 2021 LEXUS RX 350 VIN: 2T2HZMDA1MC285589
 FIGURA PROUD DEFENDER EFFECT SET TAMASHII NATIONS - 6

◇ ◇ ◇ ◇ ◇

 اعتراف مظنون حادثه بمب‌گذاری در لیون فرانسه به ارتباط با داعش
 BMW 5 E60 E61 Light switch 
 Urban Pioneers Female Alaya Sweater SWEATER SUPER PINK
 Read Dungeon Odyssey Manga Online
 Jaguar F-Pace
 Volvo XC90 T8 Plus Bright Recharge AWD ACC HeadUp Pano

◇ ◇ ◇ ◇ ◇

▶ Work task:
Within the listing above, extract exactly the lines from the line with "2021 LEXUS RX 350 VIN: 2T2HZMDA1MC285589" to the line with "FIGURA PROUD DEFENDER", the two named lines included, and no others.

▶ Written solution:
 2021 LEXUS RX 350 VIN: 2T2HZMDA1MC285589
 FIGURA PROUD DEFENDER EFFECT SET TAMASHII NATIONS - 6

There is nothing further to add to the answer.